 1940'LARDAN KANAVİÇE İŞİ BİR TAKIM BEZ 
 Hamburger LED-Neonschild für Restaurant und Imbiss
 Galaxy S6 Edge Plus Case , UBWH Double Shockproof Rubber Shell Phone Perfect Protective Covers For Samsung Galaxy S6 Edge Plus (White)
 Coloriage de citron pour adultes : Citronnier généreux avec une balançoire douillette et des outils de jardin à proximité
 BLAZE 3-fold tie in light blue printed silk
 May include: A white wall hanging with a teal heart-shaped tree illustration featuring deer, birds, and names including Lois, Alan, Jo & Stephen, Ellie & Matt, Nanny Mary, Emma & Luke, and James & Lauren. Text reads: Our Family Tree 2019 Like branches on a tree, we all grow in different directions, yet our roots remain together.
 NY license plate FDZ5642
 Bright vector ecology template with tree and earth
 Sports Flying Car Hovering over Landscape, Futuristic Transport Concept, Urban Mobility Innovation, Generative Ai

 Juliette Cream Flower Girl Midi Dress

▶ _TASK DESCRIPTION_
Set down the line holding "BLAZE 3-fold tie in light blue printed silk" and all later lines through the last one in the material above, exactly, and no other lines.

▶ _SOLUTION_
 BLAZE 3-fold tie in light blue printed silk
 May include: A white wall hanging with a teal heart-shaped tree illustration featuring deer, birds, and names including Lois, Alan, Jo & Stephen, Ellie & Matt, Nanny Mary, Emma & Luke, and James & Lauren. Text reads: Our Family Tree 2019 Like branches on a tree, we all grow in different directions, yet our roots remain together.
 NY license plate FDZ5642
 Bright vector ecology template with tree and earth
 Sports Flying Car Hovering over Landscape, Futuristic Transport Concept, Urban Mobility Innovation, Generative Ai

 Juliette Cream Flower Girl Midi Dress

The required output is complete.